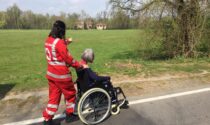 I volontari della Croce Rossa e quella mano tesa per far uscire i disabili dalla solitudine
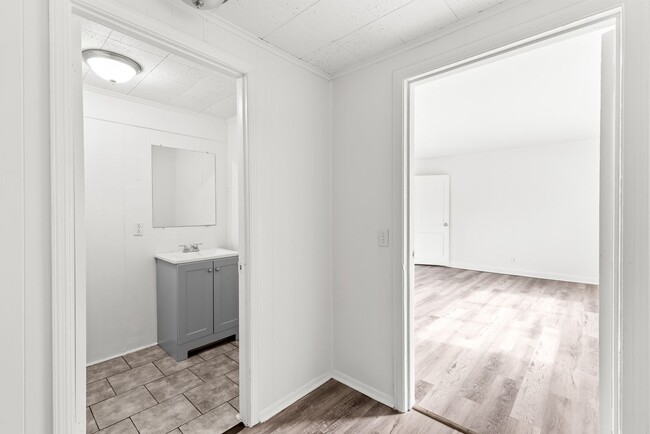 Building Photo - Cozy and Newly Renovated 3 Bedroom 1.5 Bat...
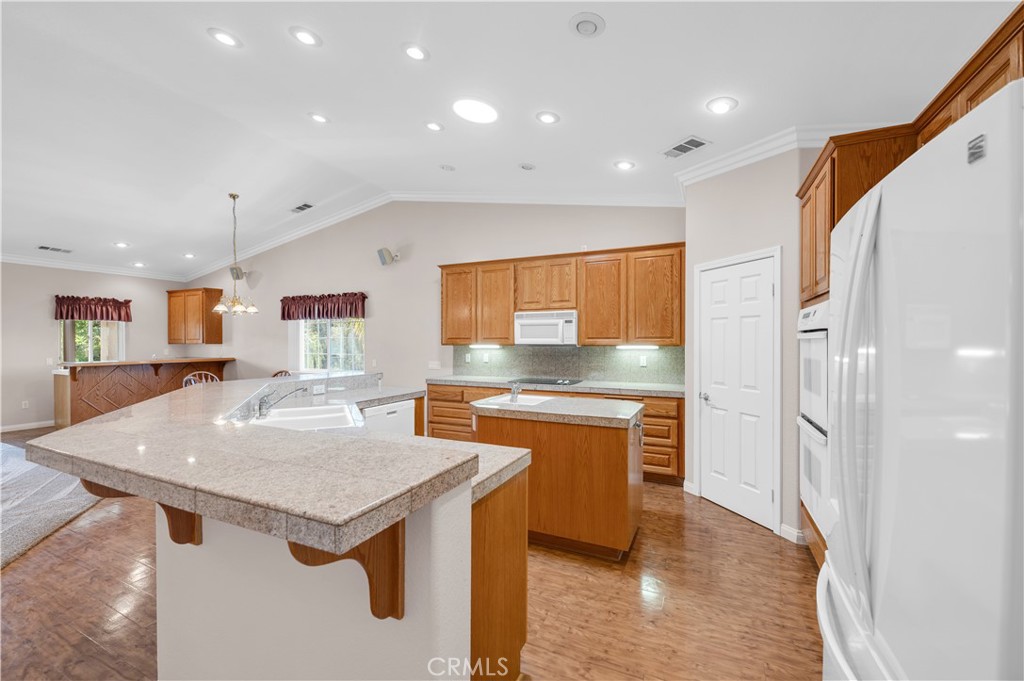 23651 Cruise Circle Drive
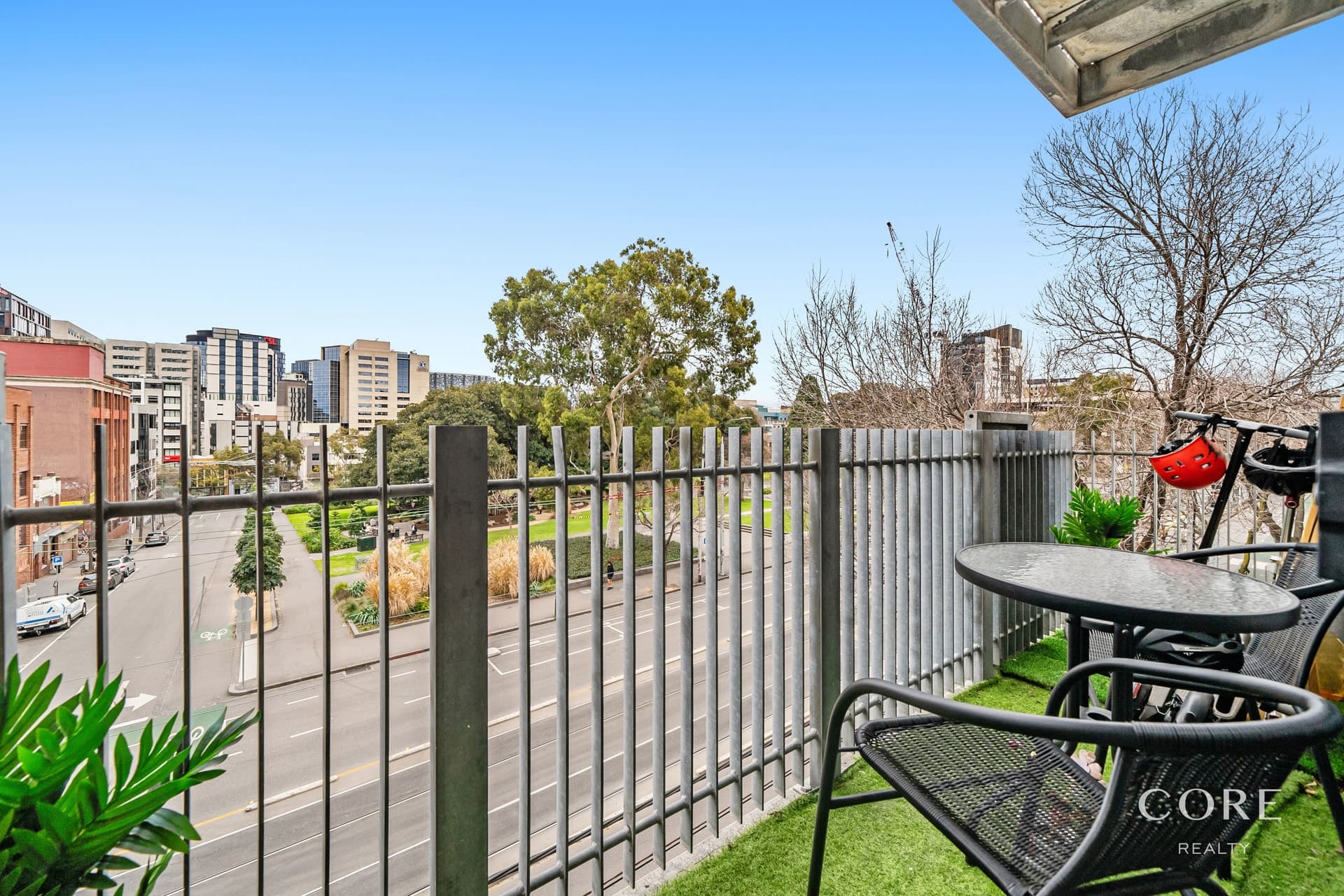 301/570 Swanston Street, Carlton - Thumbnail 2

**Assignment**
Reproduce, word for word, everything in the listing above except the pictures.

**Answer box**
 I volontari della Croce Rossa e quella mano tesa per far uscire i disabili dalla solitudine
 Building Photo - Cozy and Newly Renovated 3 Bedroom 1.5 Bat...
 23651 Cruise Circle Drive
 301/570 Swanston Street, Carlton - Thumbnail 2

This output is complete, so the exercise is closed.